Will you return, word for word, only the lines from the top of the data below down to and including the one with "Linemen climbing electrical"?

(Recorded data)
- - - - - - -

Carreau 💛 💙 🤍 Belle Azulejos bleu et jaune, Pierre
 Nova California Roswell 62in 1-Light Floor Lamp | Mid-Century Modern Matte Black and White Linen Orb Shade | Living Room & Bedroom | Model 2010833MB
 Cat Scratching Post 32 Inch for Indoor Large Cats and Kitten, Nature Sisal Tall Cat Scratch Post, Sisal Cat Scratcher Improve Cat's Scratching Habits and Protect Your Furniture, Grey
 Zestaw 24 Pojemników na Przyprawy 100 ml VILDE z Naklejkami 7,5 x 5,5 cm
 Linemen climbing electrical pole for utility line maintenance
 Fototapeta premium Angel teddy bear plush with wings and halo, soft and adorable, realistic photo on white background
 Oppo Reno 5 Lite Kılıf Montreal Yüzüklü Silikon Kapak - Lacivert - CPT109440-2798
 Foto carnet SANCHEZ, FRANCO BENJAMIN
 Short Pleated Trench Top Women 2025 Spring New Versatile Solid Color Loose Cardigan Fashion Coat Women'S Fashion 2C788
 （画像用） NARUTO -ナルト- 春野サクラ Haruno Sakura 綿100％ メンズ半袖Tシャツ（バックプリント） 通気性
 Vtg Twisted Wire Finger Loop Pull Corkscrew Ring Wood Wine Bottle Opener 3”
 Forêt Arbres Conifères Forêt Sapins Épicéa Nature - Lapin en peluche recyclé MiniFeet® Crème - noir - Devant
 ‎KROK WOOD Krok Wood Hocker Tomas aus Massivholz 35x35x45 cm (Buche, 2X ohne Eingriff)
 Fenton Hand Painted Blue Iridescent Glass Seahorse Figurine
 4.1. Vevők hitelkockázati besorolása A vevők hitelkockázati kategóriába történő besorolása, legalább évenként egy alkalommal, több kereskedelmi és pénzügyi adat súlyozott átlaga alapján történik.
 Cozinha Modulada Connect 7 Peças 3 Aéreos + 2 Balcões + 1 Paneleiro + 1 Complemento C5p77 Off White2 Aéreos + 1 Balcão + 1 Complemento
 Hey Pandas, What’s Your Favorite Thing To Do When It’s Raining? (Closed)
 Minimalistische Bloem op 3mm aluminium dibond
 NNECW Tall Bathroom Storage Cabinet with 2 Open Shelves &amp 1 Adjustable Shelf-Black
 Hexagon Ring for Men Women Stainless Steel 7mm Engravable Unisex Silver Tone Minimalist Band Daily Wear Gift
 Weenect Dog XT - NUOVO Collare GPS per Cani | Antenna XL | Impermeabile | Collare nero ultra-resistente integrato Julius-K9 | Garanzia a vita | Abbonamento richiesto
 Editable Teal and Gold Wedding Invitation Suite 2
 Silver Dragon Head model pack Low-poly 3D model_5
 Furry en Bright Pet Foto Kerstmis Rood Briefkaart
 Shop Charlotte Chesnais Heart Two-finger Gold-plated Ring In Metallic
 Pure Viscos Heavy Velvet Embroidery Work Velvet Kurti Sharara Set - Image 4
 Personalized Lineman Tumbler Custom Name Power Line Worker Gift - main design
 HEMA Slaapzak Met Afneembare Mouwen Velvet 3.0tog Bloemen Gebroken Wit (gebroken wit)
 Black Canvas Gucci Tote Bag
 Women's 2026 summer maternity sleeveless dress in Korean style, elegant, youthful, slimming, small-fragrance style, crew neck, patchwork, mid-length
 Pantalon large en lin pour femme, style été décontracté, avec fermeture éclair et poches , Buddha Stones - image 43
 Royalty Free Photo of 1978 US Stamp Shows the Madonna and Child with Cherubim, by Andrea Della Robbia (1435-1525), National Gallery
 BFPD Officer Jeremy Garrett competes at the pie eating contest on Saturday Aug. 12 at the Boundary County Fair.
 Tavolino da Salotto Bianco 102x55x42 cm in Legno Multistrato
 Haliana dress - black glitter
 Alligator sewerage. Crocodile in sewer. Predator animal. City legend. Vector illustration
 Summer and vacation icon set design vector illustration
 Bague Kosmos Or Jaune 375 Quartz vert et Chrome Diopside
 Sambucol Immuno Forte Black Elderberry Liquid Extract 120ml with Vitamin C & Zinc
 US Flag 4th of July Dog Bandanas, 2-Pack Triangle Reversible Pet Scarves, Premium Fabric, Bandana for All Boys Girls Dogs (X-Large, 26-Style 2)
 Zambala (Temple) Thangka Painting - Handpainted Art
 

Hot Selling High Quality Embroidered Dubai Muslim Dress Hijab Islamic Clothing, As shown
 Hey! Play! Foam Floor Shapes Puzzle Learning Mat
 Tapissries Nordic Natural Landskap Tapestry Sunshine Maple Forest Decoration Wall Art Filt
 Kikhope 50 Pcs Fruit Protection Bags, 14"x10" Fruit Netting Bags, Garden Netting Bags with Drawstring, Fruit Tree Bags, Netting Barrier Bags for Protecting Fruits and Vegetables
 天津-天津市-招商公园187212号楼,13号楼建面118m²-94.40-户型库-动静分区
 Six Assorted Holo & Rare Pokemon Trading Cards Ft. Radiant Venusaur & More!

- - - - - - -

§ **Written solution**:
Carreau 💛 💙 🤍 Belle Azulejos bleu et jaune, Pierre
 Nova California Roswell 62in 1-Light Floor Lamp | Mid-Century Modern Matte Black and White Linen Orb Shade | Living Room & Bedroom | Model 2010833MB
 Cat Scratching Post 32 Inch for Indoor Large Cats and Kitten, Nature Sisal Tall Cat Scratch Post, Sisal Cat Scratcher Improve Cat's Scratching Habits and Protect Your Furniture, Grey
 Zestaw 24 Pojemników na Przyprawy 100 ml VILDE z Naklejkami 7,5 x 5,5 cm
 Linemen climbing electrical pole for utility line maintenance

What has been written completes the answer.